Les « psychohistoriens » imaginés par Asimov sont en quelque sorte des mathématiciens qui, à l'aide de formules mathématiques, sont capables de prédire l'avenir selon des taux de probabilité. Les mathématiques étant une science sure, Asimov a probablement voulu donner plus de crédibilité à son personnage grâce à la rigueur scientifique. Un scientifique doit prouver ses dires, et les « psychohistoriens » prouvent leurs prédictions grâce aux mathématiques. Asimov savait fort probablement qu'un historien par exemple, en se basant sur des faits du passé, peut facilement énoncer une hypothèse sur le futur d'un peuple, mais ceci reste hypothétique alors que le « psychohistorien » lui est totalement objectif et il n'a nullement besoin d'avoir recours à la morale puisque les chiffres n'en possèdent pas. C'est ce qui fait la force du personnage imaginé par Asimov. Or, dans la réalité, ce type profession n'existe pas, les intellectuels ne sont donc généralement pas pris au sérieux lorsqu'ils prédisent la fin d'un Empire, il est impossible pour eux de prouver hors de tout doute leur hypothèse. Il est également plus facile de les discréditer puisque leurs hypothèses sont souvent basées sur des jugements moraux.

Par contre, Asimov fait appel au jugement du lecteur lorsqu'il écrit ceci : « Elle est la conséquence inévitable du développement de la bureaucratie, de la disparition de l'esprit d'initiative, du durcissement du régime des castes, de la perte du sentiment de curiosité..., de mille autres causes possibles et imaginables. » Il n'y a pas de mathématiques dans cette phrase, c'est le jugement que fait Asimov d'une société sur le déclin. D'un point de vue logique personnel, je suis d'accord avec lui et il est très intéressant d'appliquer ces points sur notre société. Le mot « bureaucratie » est très souvent employé à tord, un bureaucrate étant « un employé imbu de son importance et abusant de son pouvoir sur le public », méfier vous de ceux qui utilisent ce mot pour désigner tous les employés de l'État. Asimov montre du doigt les individus qui abusent de leurs pouvoirs et ces bureaucrates sont un frein au développement d'une société saine, ce sont des êtres égoïstes et j'ai bien peur que notre gouvernement en soit rempli, notre premier ministre et nos députés en sont un bel exemple.

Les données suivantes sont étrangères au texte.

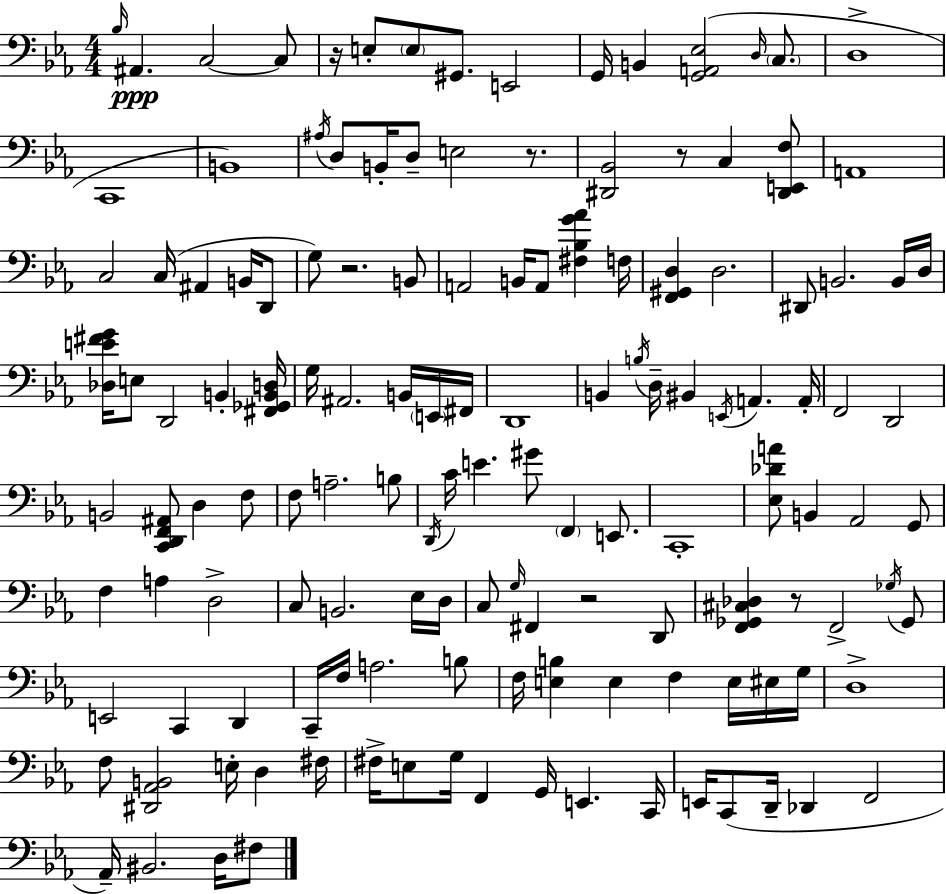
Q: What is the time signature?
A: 4/4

« La disparition de l'esprit d'initiative » et « la perte du sentiment de curiosité », ces deux points se rejoignent beaucoup, l'un pouvant être la conséquence de l'autre. Un être humain dénué de curiosité vient de diminuer considérablement ses chances d'avoir de l'initiative. Il est très facile d'observer la perte du sentiment de curiosité dans notre société, par exemple comparer les cotes d'écoute de la « Poules Aux Oeufs d'Or » à celle de l'émission « Découverte » ou les ventes d'un livre d'Hubert Reeves comparativement aux ventes des billets des Canadiens de Montréal ou encore le nombre de personnes visitant le site web du journal « Le Devoir » comparativement à ceux utilisant internet pour jouer à des jeux en ligne. Si ces exemples ne vous ont pas convaincue, je peux vous en sortir beaucoup d'autres.

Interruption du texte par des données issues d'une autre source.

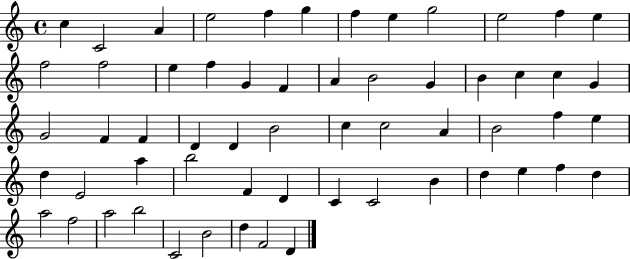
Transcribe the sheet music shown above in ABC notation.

Le point sur le « durcissement du régime des castes » quant à lui est un point un peu plus complexe, il faudrait écrire un texte là-dessus, mais je peux tenter de résumer le tout en quelques lignes. Notre société est séparée en plusieurs castes, les riches, les pauvres et la classe moyenne, cette dernière étant constitué du plus grand nombre d'individus. Pour qu'une société comme la nôtre puisse fonctionner, il faut que la classe moyenne vive dans des conditions acceptables afin qu'elle ne soit pas poussée à la révolte. Le durcissement du régime des castes se traduit pour nous par un plus grand écart entre les riches et les pauvres et il semble que la classe moyenne en Occident soit de plus en plus pauvre, ceci étant dû à l'inflation. De plus, les pauvres (les sans-emplois ou ceux ayant un très faible revenu) sont de plus en plus nombreux. Le sentiment de révolte augmentera au même rythme que l'écart entre les riches et les pauvres s'accroit.

Je continuerai mon analyse de l'oeuvre d'Asimov prochainement!